Segment Open

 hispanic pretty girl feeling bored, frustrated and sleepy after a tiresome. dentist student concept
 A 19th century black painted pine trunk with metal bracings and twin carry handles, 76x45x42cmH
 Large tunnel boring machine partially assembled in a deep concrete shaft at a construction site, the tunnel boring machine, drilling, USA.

Segment Closed
Segment Open

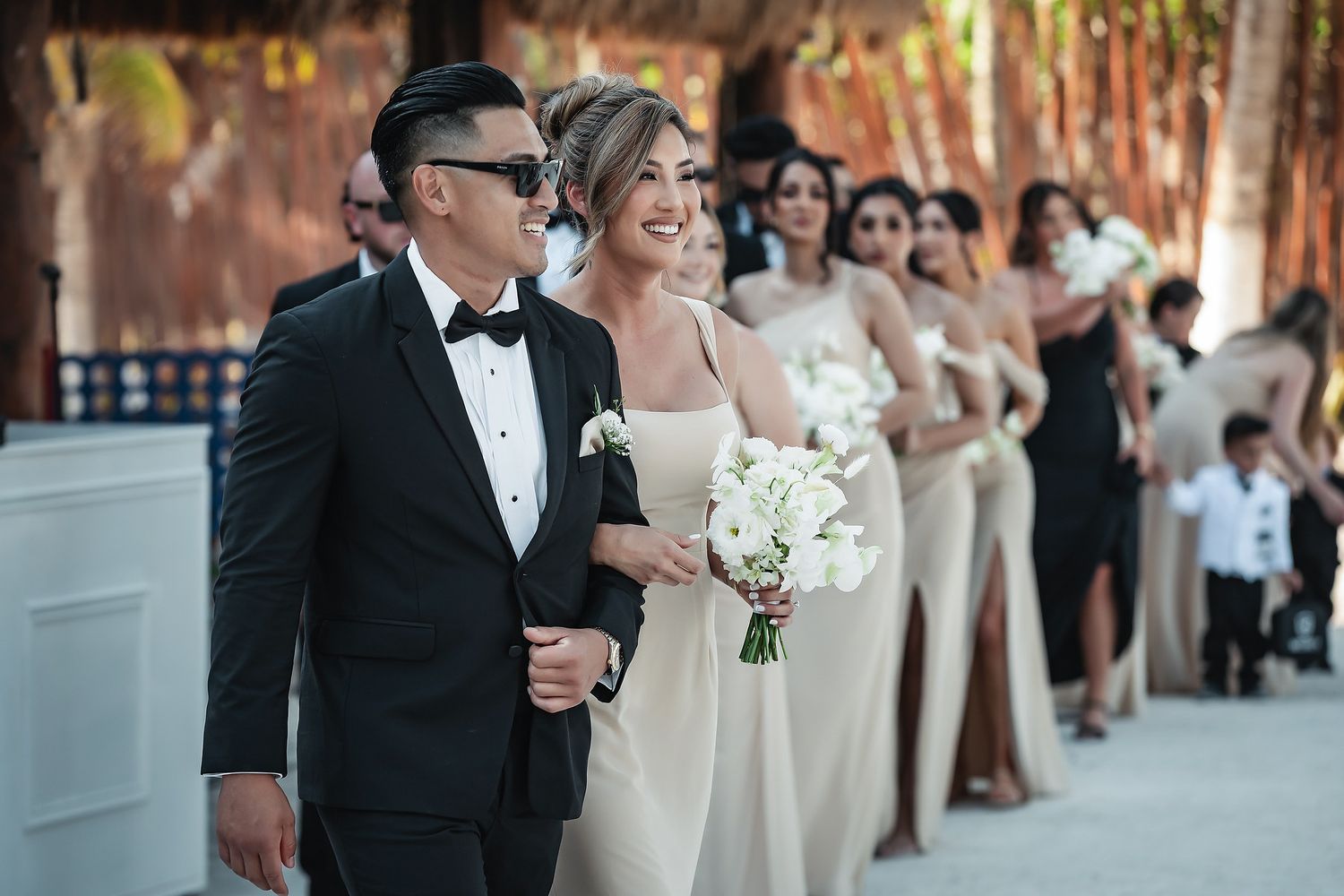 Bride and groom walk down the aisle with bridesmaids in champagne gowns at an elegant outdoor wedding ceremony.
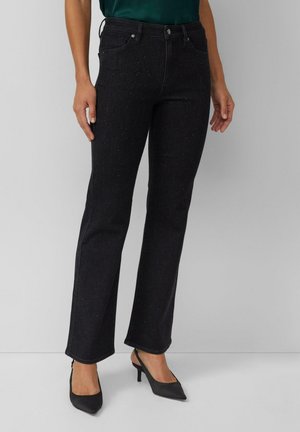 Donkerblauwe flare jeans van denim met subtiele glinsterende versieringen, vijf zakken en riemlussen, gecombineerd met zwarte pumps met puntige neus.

Segment Closed

## What you need to do
From the material above, copy exactly the lines between the line holding "hispanic pretty girl" and the line holding "Large tunnel boring", inclusive, and only those.

## Finished task
 hispanic pretty girl feeling bored, frustrated and sleepy after a tiresome. dentist student concept
 A 19th century black painted pine trunk with metal bracings and twin carry handles, 76x45x42cmH
 Large tunnel boring machine partially assembled in a deep concrete shaft at a construction site, the tunnel boring machine, drilling, USA.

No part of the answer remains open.